Q.9 - Who is your favorite hockey player (current or retired)? Why?

That is so hard. I loved that Mike Bossy took repeated abuse and just kept on scoring. It's one thing to be a physical force who can fight. It's quite another to say, "I can take anything you dish out, and I'll still put up 60 goals." That said, I loved Bryan Trottier, I loved Brian Sutter in St. Louis, I loved Doug Gilmour before a, ahem, "controversial personal matter" got him booted out of St. Louis. The nostalgic picture of a hockey player to me is Bobby Nystrom, flying down the wing with locks flowing like streamers and mustache steering the way, doing anything his team needed him to do. Currently, it's hard not to love how Trent Hunter plays this game.

Q.10 - Is there any hockey blog or website that you look to for inspiration?

I love the spirit and the community that the guys at Pension Plan Puppets have built.
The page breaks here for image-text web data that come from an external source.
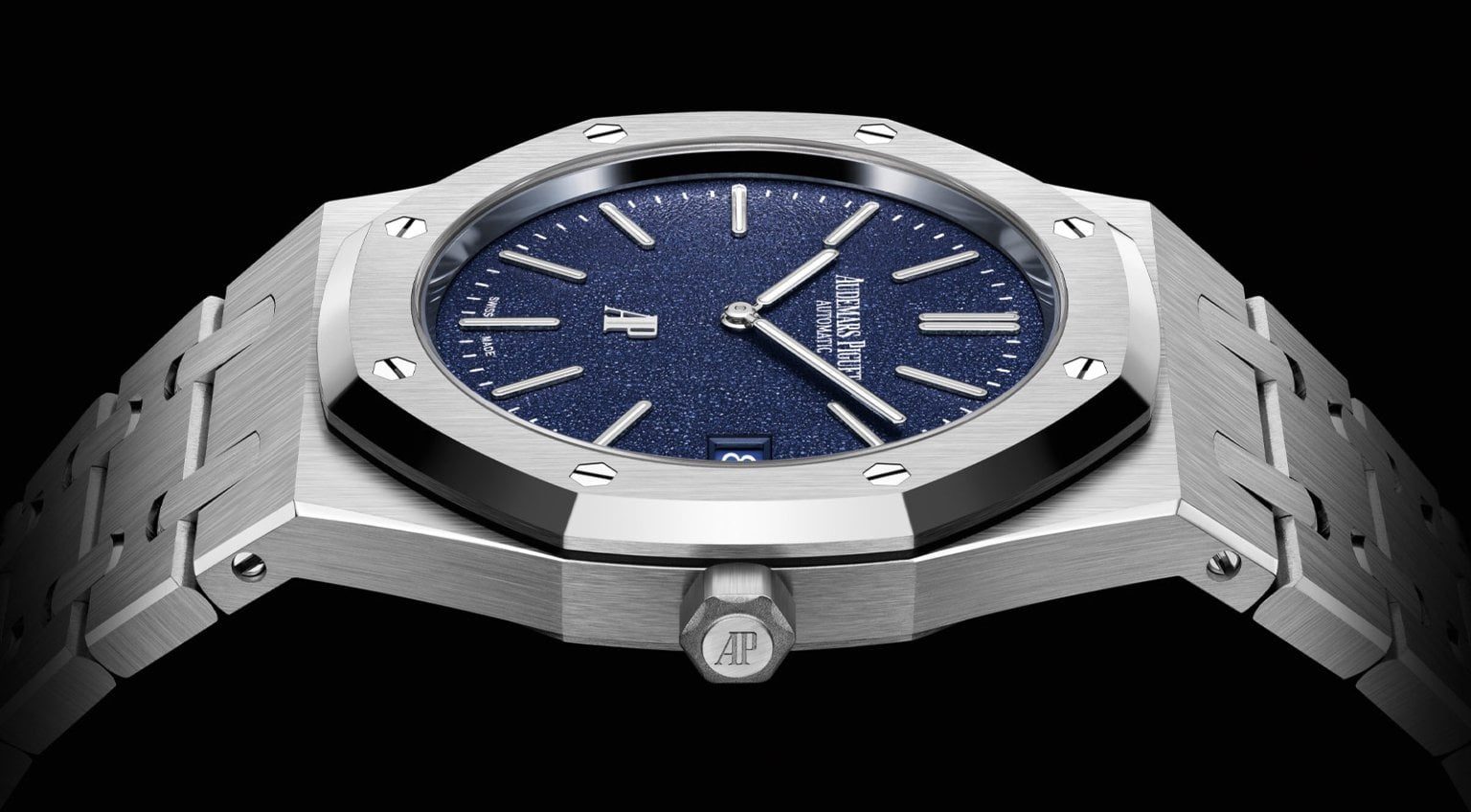 Side profile of the Audemars Piguet Royal Oak in stainless steel, highlighting the slim case and blue dial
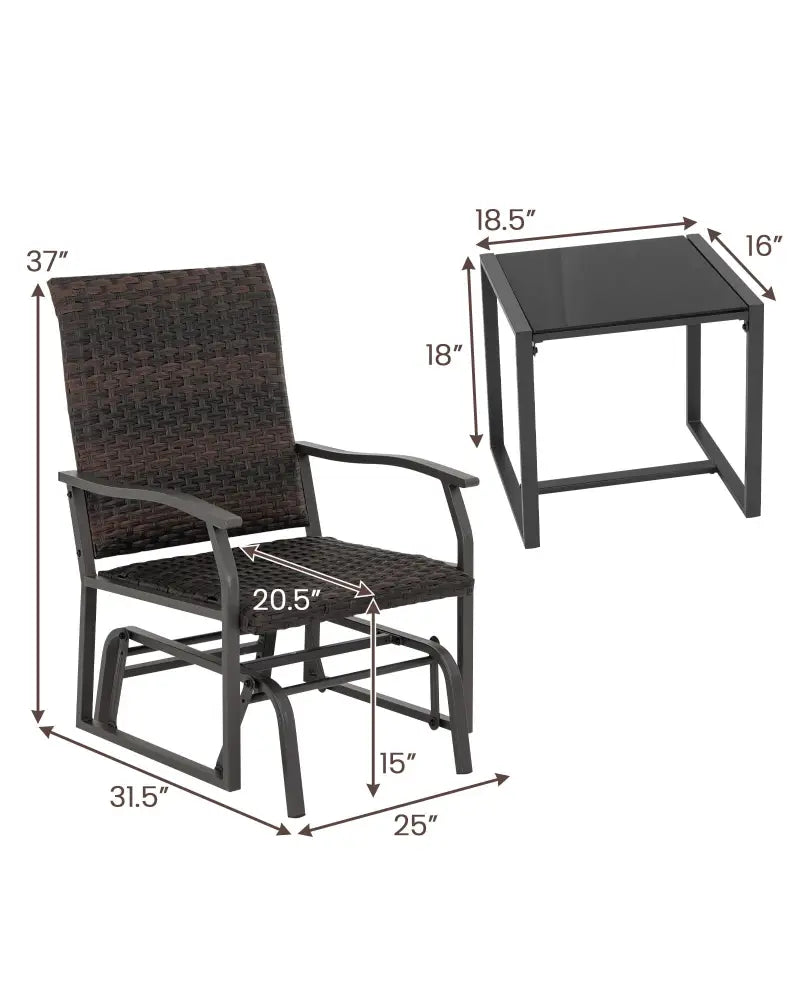 3 Piece Patio Gliding Set with Tempered Glass Coffee Table All Weather-Brown - Brown - Patio Conversation Sets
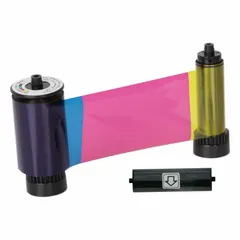 Full-color ribbon for ID card printers, yielding 250 prints per roll. Compatible with manufacturer part number S38310. Used for printing images and text on plastic ID cards in applications such as employee badges, student IDs, membership cards, and access control credentials.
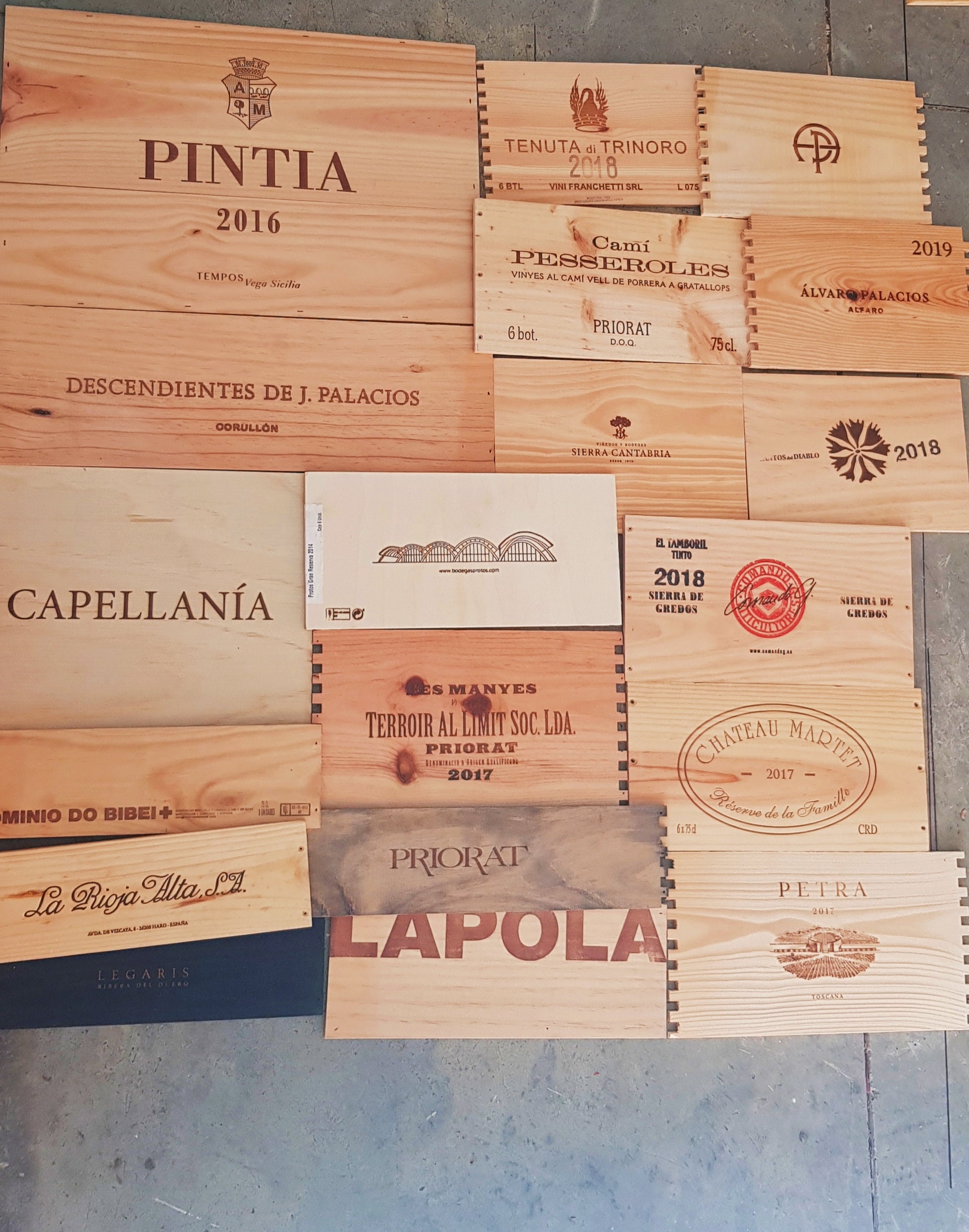 1 Meter X 1 Meter of Wine Crate Panels, Wood Vinyl From Major Wineries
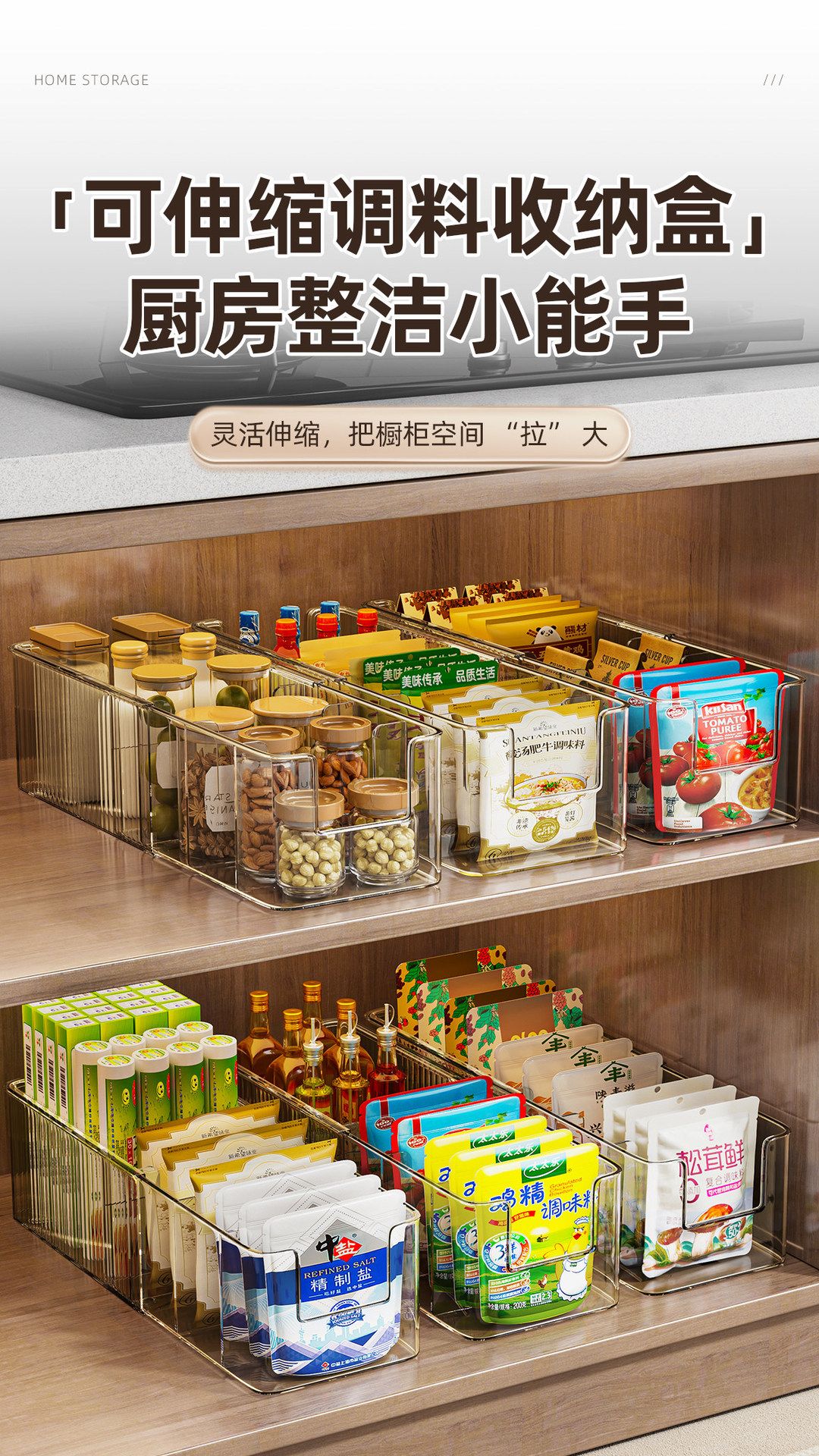 Spice storage box with telescopic rack organizer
And what first introduced me to SBN was when the MLB Cardinals blog, Viva el Birdos, moved to SBN. It was started by a Cardinals fan who lives in Colorado, and from Day 1 it was a great example of how someone could run a passionate, smart, analytical blog about a team from outside that team's locale.

Obviously, Lighthouse Hockey is nowhere near either of those. But my hope is that with SBN tools and by setting a tone and a consistent presence, it can become a fun, reliable place where Islanders fans can run with the interactive tools and take over the conversation.